Pour les banques, l’enjeu ne se limite plus à la modernisation des outils. Il s’agit d’utiliser la technologie comme un moyen de renforcer l‘agilité, d’améliorer la qualité des décisions et de mieux maîtriser la complexité inhérente aux activités de crédit.
Moderniser les plateformes pour gagner en agilité
De nombreuses banques restent freinées par des systèmes hérités, conçus pour un environnement bien moins exigeant que celui d’aujourd’hui. Les infrastructures monolithiques, lentes et rigides, limitent l’adoption de technologies avancées comme l’IA, de l’analytique en temps réel ou l’automatisation, tout en compliquant la mise en conformité réglementaire.
Dans le trade finance, un secteur historiquement lent à innover, ces contraintes se traduisent par des processus lourds, fragmentés et parfois très manuels.
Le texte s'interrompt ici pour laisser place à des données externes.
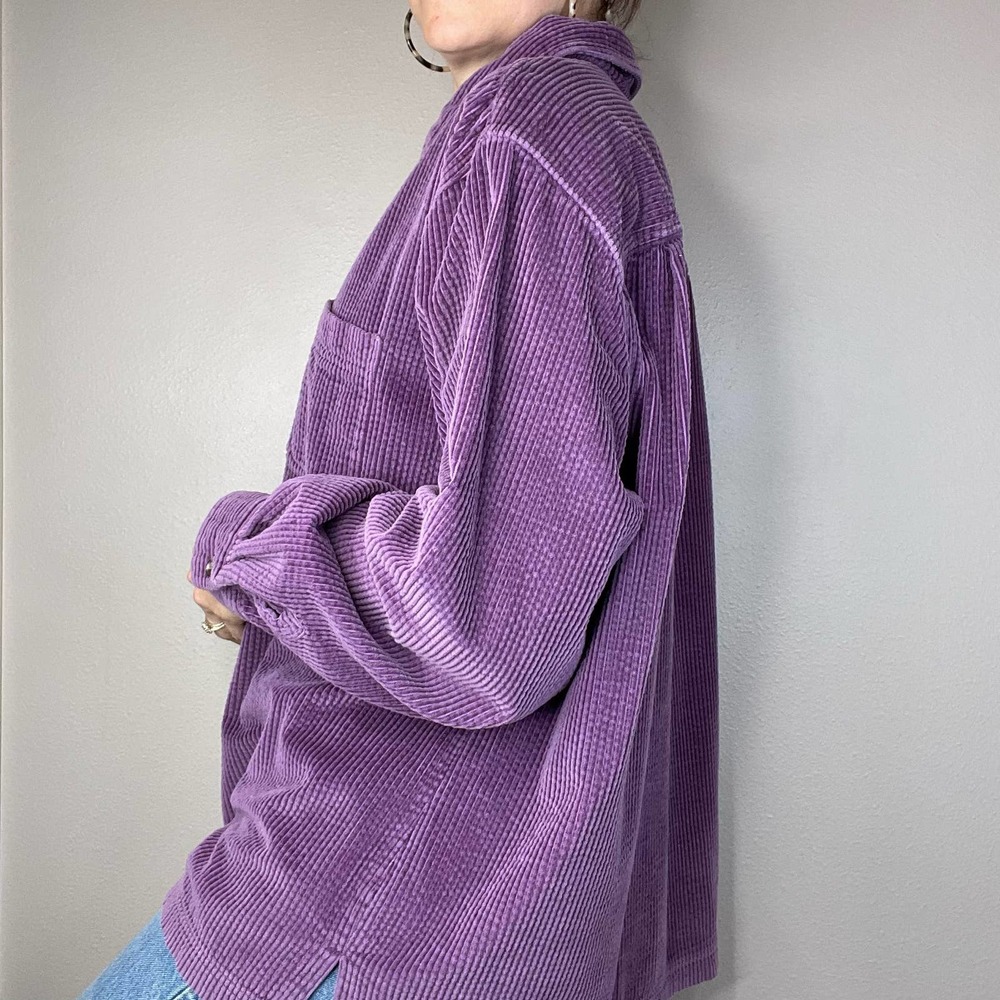 LL Bean wide wale corduroy aubergine purple button-down collared shirt L - Picture 12 of 17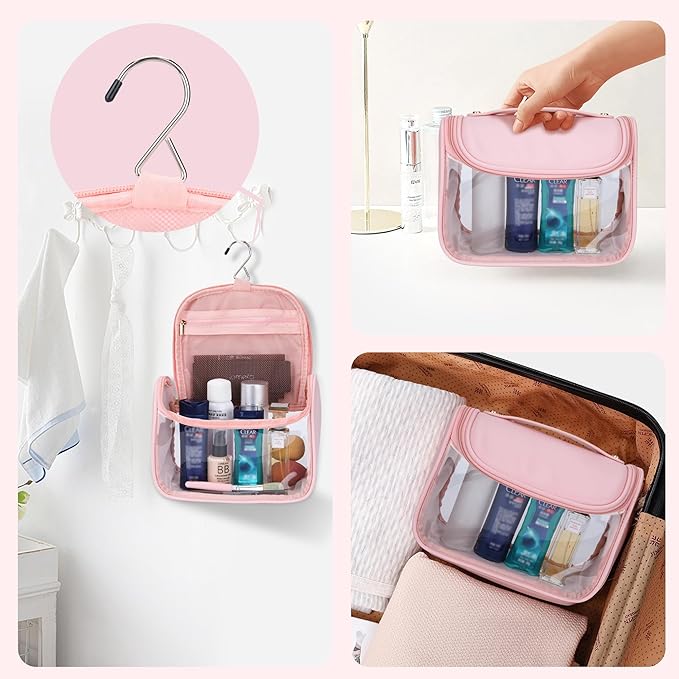 YFG Travel Toiletry Bag for Women & Men, Transparent Cosmetic Organizer with Hook, Portable, Organizer, for Travel-Sized Shampoo, makeup Accessories, Brushes Set, Conditioner, Medium Size Pink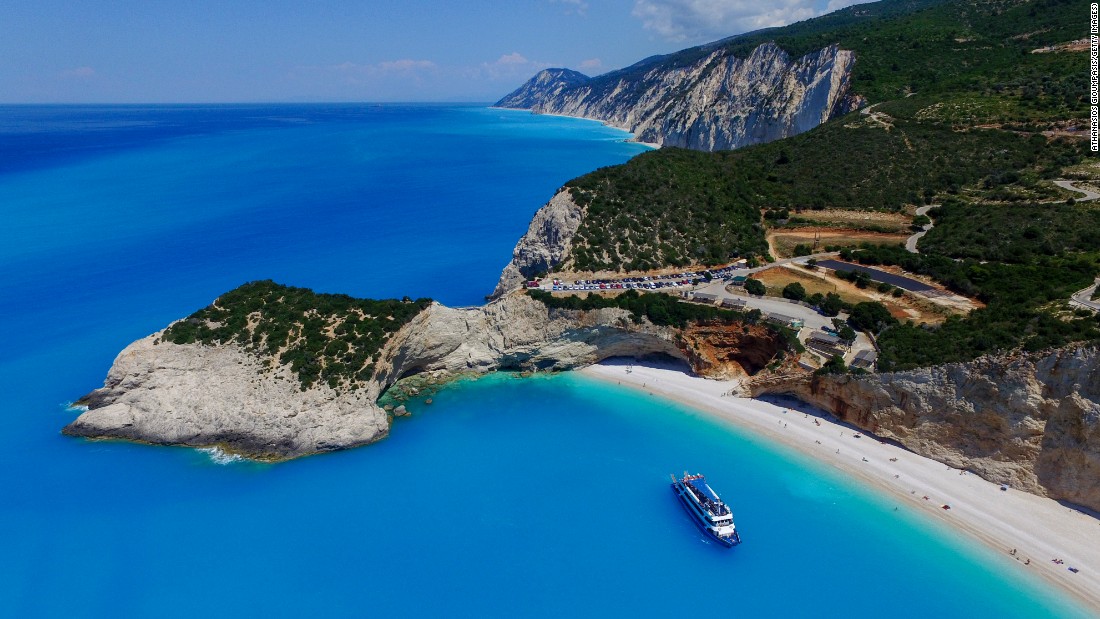 Porto Katsiki on the island of Lefkada is one of Greece's most stunning beaches. It's only accessible by 80 steep steps leading down the side of a cliff. 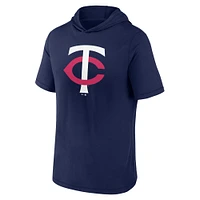 Men's Fanatics Navy Minnesota Twins Short Sleeve Hoodie T-Shirt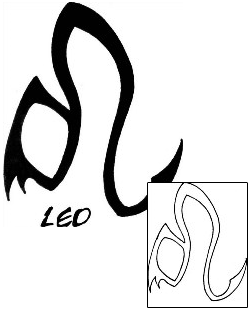 Classic Black Leo Symbol Tattoo Stencil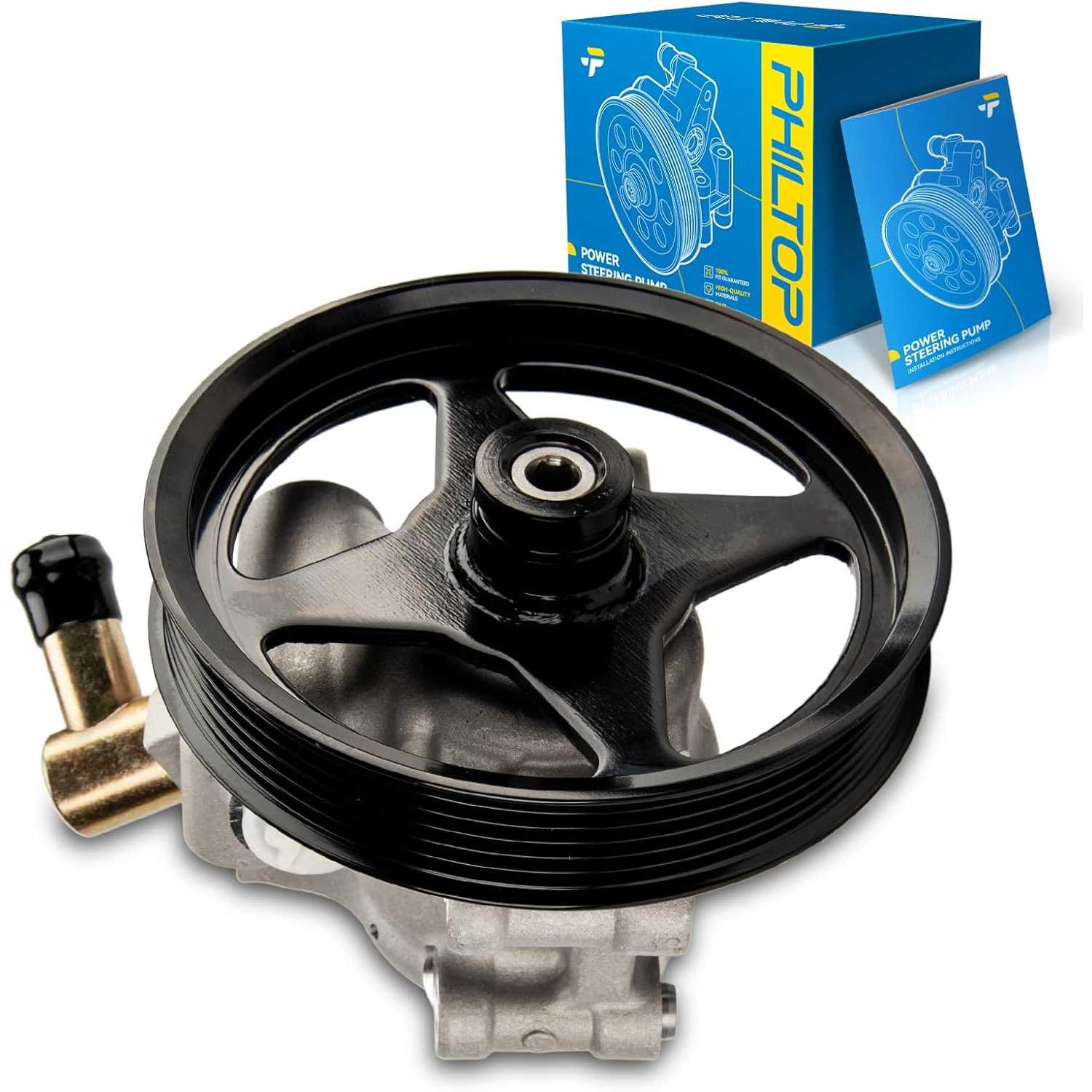 PHILTOP 20282 Power Steering Pump with Pulley Fit for 1997-2003 F-150, 1999-2002 Grand Marquis, 2001-2002 Expedition, 1997-1999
Pourtant, la modernisation ne passe pas nécessairement par des projets risqués de type rip and replace. Une approche progressive combinant solutions existantes et plateformes modulaires cloud-native, permet de gagner en agilité tout en assurant la continuité opérationnelle.
À cet égard, les stratégies cloud-first prennent une place croissante dans les trajectoires de modernisation. Elles offrent une scalabilité, une flexibilité et une rapidité de déploiement essentielles aux institutions en quête d’agilité et d’innovation.
Mais l’un des impacts les plus perceptibles de la modernisation concerne l’expérience client : portails digitaux, interfaces mobiles et tableaux de bord en temps réel simplifient l’accès au crédit et augmentent la transparence, renforçant ainsi la confiance des entreprises, et notamment des PME.
L’IA : moteur de décisions plus rapides et pertinentes
Une fois les fondations digitales posées, l’intelligence artificielle devient un levier clé pour améliorer l’efficacité opérationnelle et la qualité des décisions. Mais son efficacité repose sur un prérequis : des données fiables, harmonisées et bien structurées. Sans cela, même les modèles les plus avancés restent sous-exploités.
L’IA permet de réinventer l’évaluation du risque de crédit. Outre les indicateurs traditionnels comme l’historique financier et les garanties, les analyses IA peuvent intégrer des données alternatives telles que le flux de trésorerie, les comportements transactionnels et les indicateurs sectoriels, pour offrir une vision plus riche et dynamique du risque. Cela est particulièrement utile pour les petites entreprises, souvent limitées par un historique de crédit réduit.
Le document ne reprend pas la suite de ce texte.